RECAP: #RedSox can’t rally in ninth; lose 3-1.

Well, after two whole days of no baseball, the Red Sox offense is still struggling to score runs. Rick Porcello took the mound on Wednesday, and he put together another solid performance. Porcello pitched 6.2 innings, giving up three runs (two earned), five hits, and four walks. The defending American League Cy Young Award winner also recorded ten strikeouts on the night. Despite the good start, bad luck got to Porcello once again, as the Yankees took advantage of a fielding error from Xander Bogaerts in the second.
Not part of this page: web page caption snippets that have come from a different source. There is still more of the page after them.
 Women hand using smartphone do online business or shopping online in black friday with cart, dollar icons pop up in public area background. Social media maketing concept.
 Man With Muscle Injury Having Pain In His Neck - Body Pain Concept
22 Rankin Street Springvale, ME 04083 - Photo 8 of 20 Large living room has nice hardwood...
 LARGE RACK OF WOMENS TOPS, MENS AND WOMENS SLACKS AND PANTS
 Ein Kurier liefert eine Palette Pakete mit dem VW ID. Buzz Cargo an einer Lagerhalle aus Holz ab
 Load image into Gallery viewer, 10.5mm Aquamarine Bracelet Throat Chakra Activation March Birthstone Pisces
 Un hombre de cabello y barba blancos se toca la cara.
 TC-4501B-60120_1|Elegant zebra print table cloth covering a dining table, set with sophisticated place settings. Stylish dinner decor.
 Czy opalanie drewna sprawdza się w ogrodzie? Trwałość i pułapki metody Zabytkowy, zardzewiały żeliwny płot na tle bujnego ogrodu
The Bogaerts error allowed Starlin Castro to reach first on a groundout, which led to Aaron Judge taking Porcello deep right after. Porcello’s day would end in the seventh, after getting the first two outs but giving up a double to Chase Headley and walking Matt Holiday. Robbie Ross Jr. would enter the game, but he failed to record an out and ended up only facing Jacoby Ellsbury and walking him. Joe Kelly would come in to relieve Ross, and he did a good job of that. Recording the last out in the seventh and then recording a shutout inning in the eighth with two strikeouts and only one walk was nice to see. Robby Scott would finish things off for the bullpen by only allowing one baserunner in the top of the ninth and getting all three outs.
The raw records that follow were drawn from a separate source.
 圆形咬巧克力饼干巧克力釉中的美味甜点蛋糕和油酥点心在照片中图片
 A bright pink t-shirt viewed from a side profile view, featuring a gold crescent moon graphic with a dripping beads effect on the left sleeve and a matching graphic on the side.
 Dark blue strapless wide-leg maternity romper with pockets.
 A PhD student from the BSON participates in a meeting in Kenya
Like I said, the Red Sox offense was could not put any runs on the board until the ninth inning. I don’t know if the weather had anything to do with it but they were making Luis Severino, a decent pitcher, look like Felix Hernandez on the mound. Severino was awesome on Wednesday, striking out six and only walking two over seven innings pitched. The most impressive part about this start from Severino has to be that he did not give up a single extra-hit, just three singles. Surprisingly, the only pitcher the Red Sox got to was the flamethrower, Aroldis Chapman. Despite recording his fifth save of the season, Chapman was shaky. Allowing two walks and giving up a run on a groundout from Chris Young. Chapman was able to recover, striking out Jackie Bradley Jr. and Josh Rutledge to end the game.
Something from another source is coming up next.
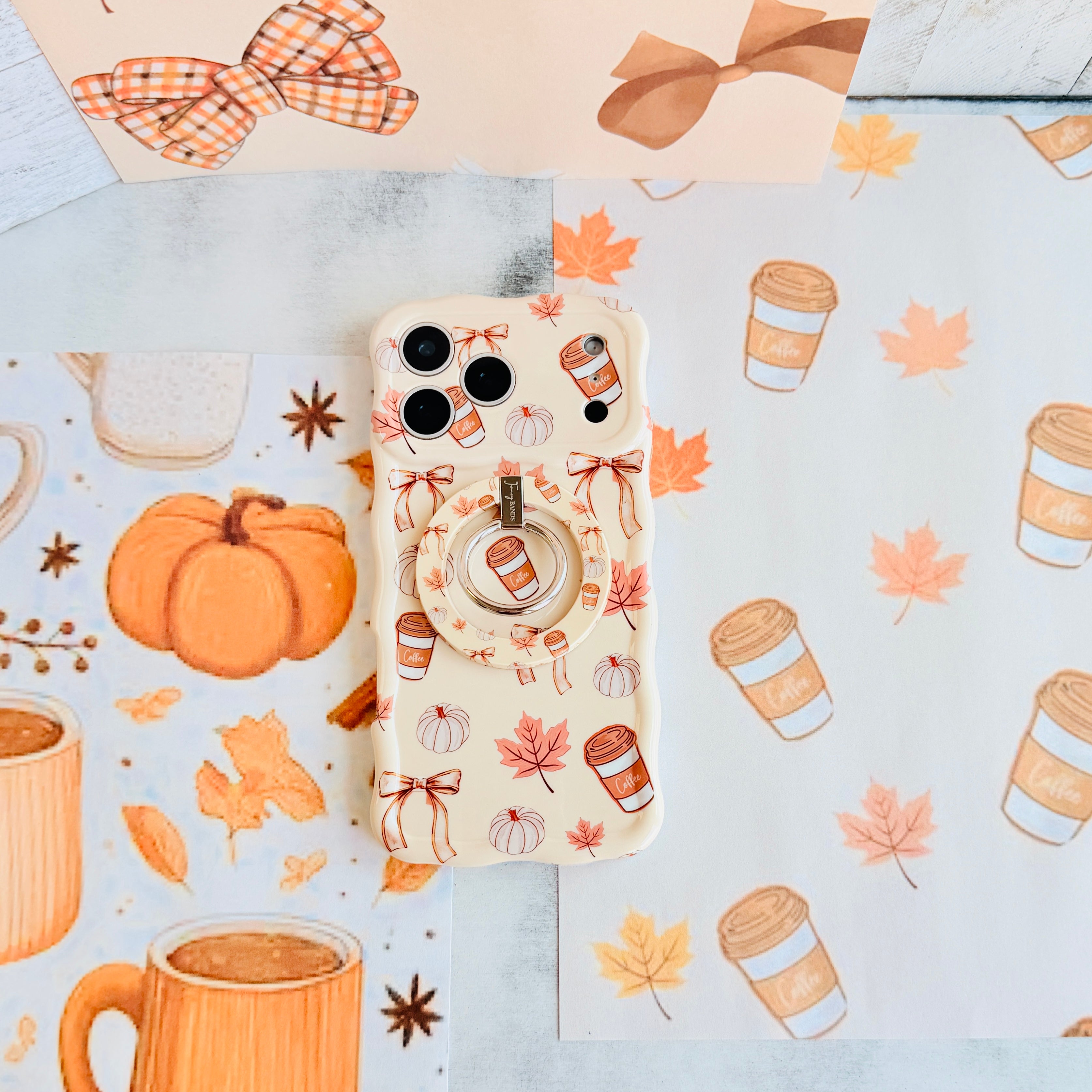 Falling in Love a Latte Hold It Fancy MagSafe grip ring with a cream coquette print of coffee cups, maple leaves, pumpkins and bows from Fancy Bands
I don’t know what’s gonna make this Red Sox lineup score more runs at a consistent pace. The lack of home runs is obviously a factor, but I don’t see why the Red Sox still can’t score more often. As of the start of Wednesday’s game, the Red Sox are fourth in the league in hits, first in batting average, and second in on base percentage. Yet, they are nineteenth in runs scored. I know it’s early, but I have a feeling the acquisition of a power-bat will have to be made eventually if the offense continues to produce runs like the way they are.

11 down, 83 to go. 

#RedSox and Yankees series opener gets rained out. Will play double-header on July 16th.

Just when you think it can’t worse. After an off-day on Monday, the Red Sox will have to go another day without baseball. As a fan, it feels weird to not have any Red Sox baseball two days in a row. I mean, we’re used to there being a game pretty much everyday from April until October, and that’s awesome. But, when this happens, with the off-day and then the rain out, that stinks. The players are probably happy to get another day of rest, at least. Rick Porcello and Luis Severino were supposed to pitch today, so we’ll have to wait to see how this rainout affects the rotations. Also, I just got a notification on my phone saying that Dustin Pedroia would have played today, which is great news.

Last but not least, Pablo Sandoval was placed on the 10-day Disabled List because of a right knee sprain. Josh Rutledge will be joining the big league club after being activated from the DL himself. Rutledge has a special place in my heart, mainly because of this GIF. Underrated lettuce IMO.